» **Exercise details**
In the records below, find the line with "Convites Retro Sunglasses", then retype it and every following line exactly, stopping after the line with "UMOPAR INTERCEPTA VEHÍCULO". Leave the pictures out.
+++ Extracted records +++
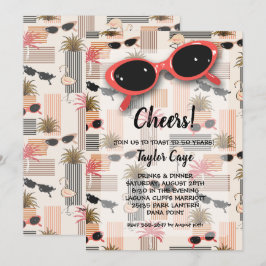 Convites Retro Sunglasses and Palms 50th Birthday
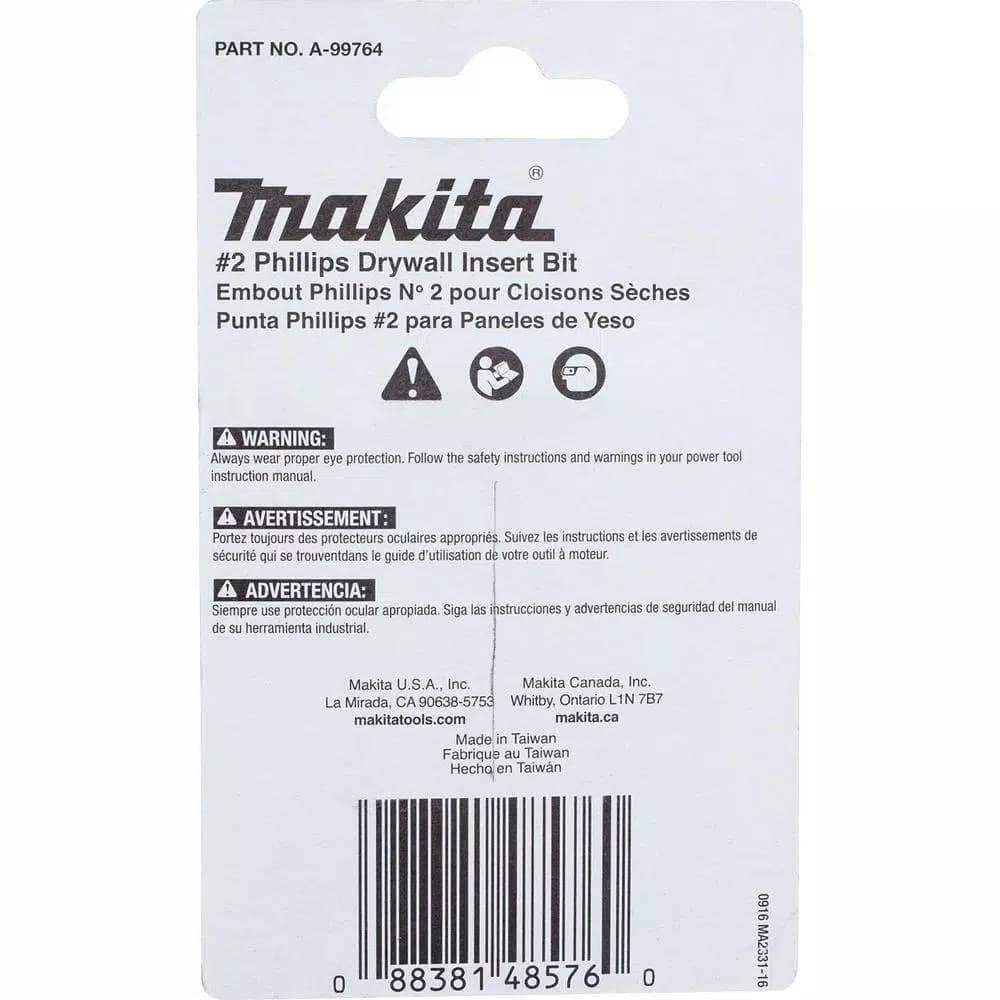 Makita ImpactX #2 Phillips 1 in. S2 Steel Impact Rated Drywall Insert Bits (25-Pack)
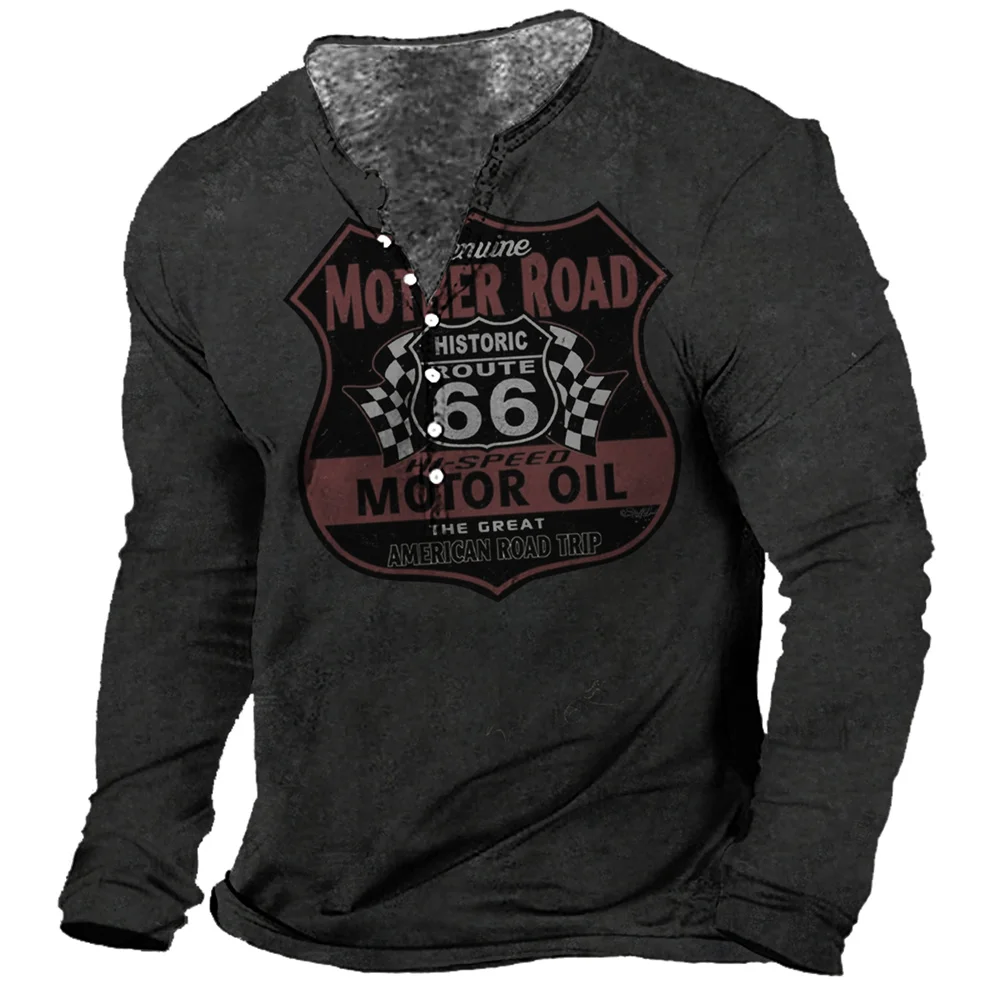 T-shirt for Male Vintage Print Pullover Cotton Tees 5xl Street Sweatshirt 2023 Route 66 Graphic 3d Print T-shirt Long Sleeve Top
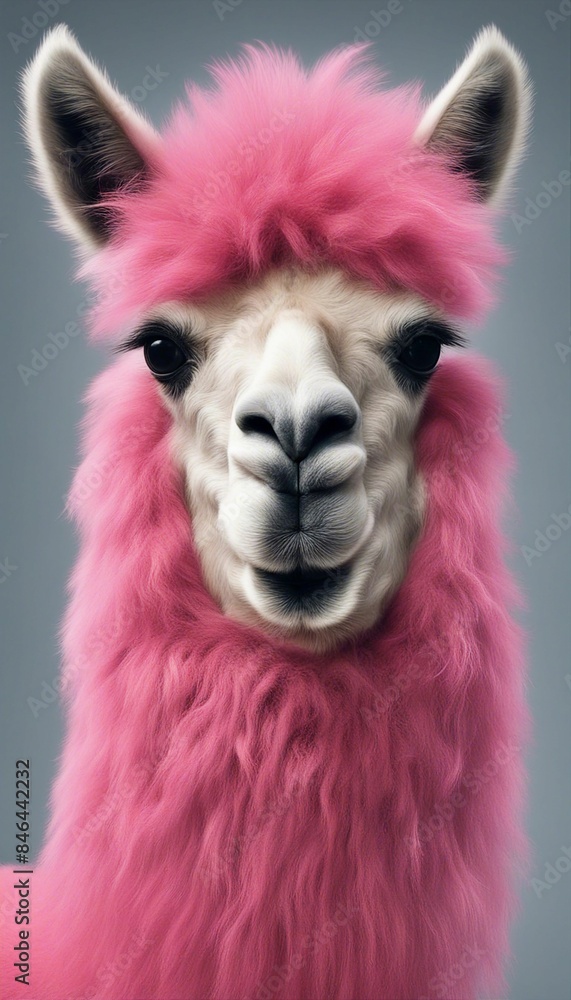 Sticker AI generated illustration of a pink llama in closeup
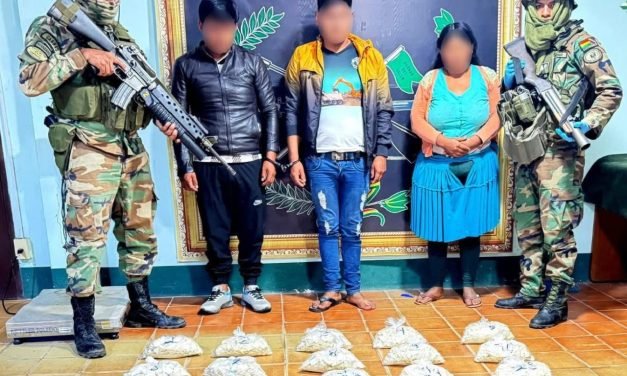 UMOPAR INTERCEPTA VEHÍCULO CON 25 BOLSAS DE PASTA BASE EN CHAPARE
+++
+++ Extracted records +++
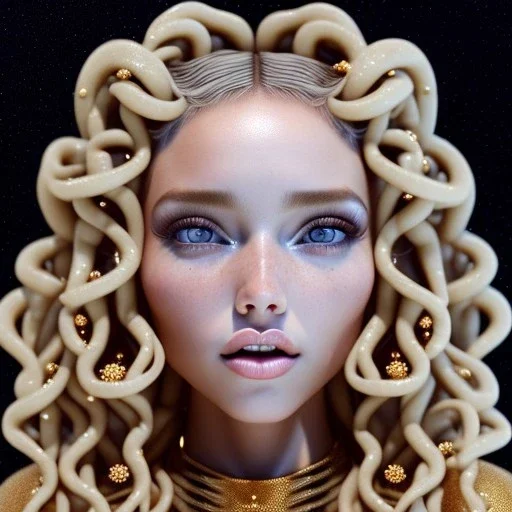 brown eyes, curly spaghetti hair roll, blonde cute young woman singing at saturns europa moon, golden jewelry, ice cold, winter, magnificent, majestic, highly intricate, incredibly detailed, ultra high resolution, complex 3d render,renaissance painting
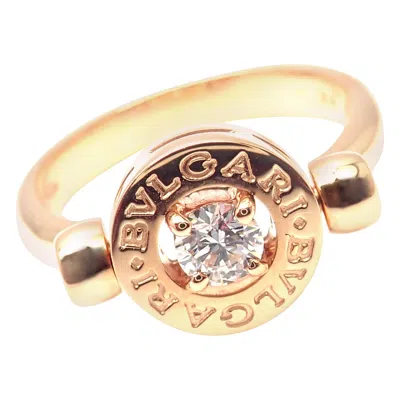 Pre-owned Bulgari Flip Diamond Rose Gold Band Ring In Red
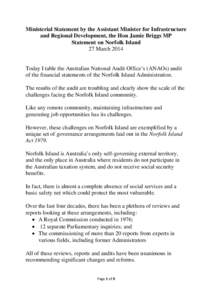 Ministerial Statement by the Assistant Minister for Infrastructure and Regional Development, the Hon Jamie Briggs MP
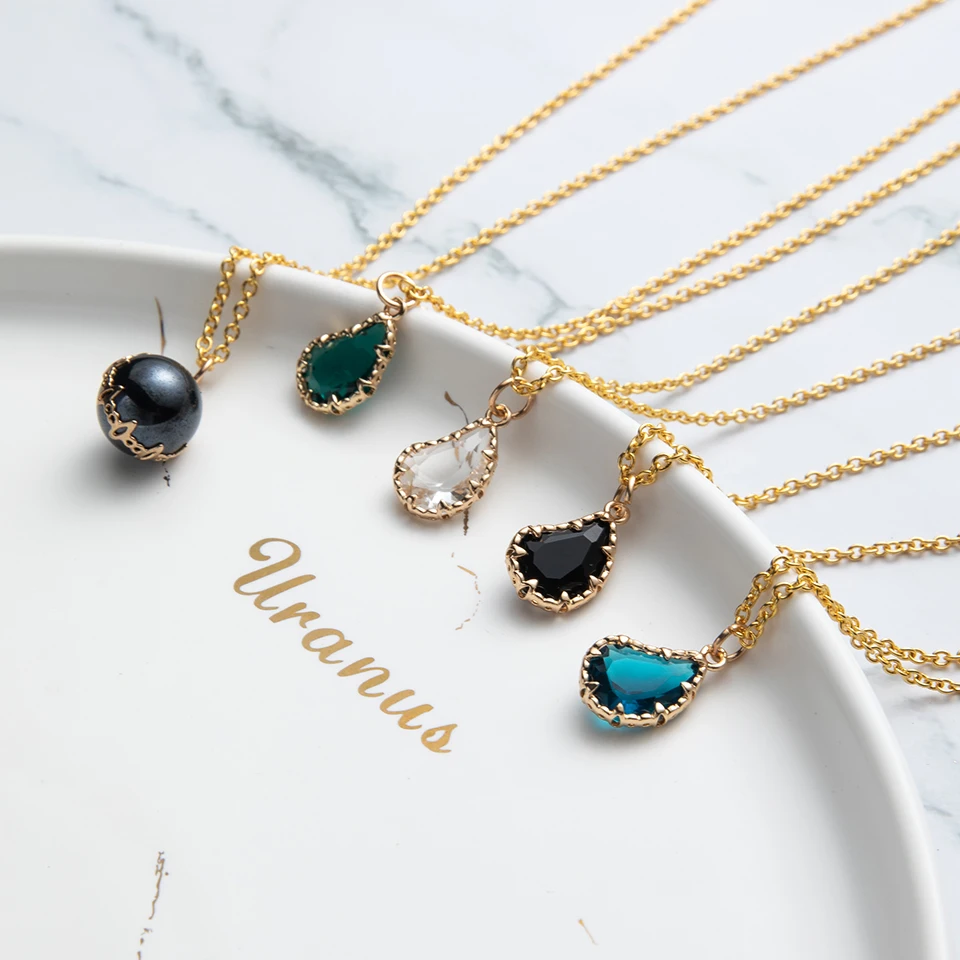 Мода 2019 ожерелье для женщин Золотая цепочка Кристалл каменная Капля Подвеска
+++
+++ Extracted records +++
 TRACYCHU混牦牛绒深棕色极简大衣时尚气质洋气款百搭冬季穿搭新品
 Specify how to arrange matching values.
+++
» **Answer area**
 Convites Retro Sunglasses and Palms 50th Birthday
 Makita ImpactX #2 Phillips 1 in. S2 Steel Impact Rated Drywall Insert Bits (25-Pack)
 T-shirt for Male Vintage Print Pullover Cotton Tees 5xl Street Sweatshirt 2023 Route 66 Graphic 3d Print T-shirt Long Sleeve Top
 Sticker AI generated illustration of a pink llama in closeup
 UMOPAR INTERCEPTA VEHÍCULO CON 25 BOLSAS DE PASTA BASE EN CHAPARE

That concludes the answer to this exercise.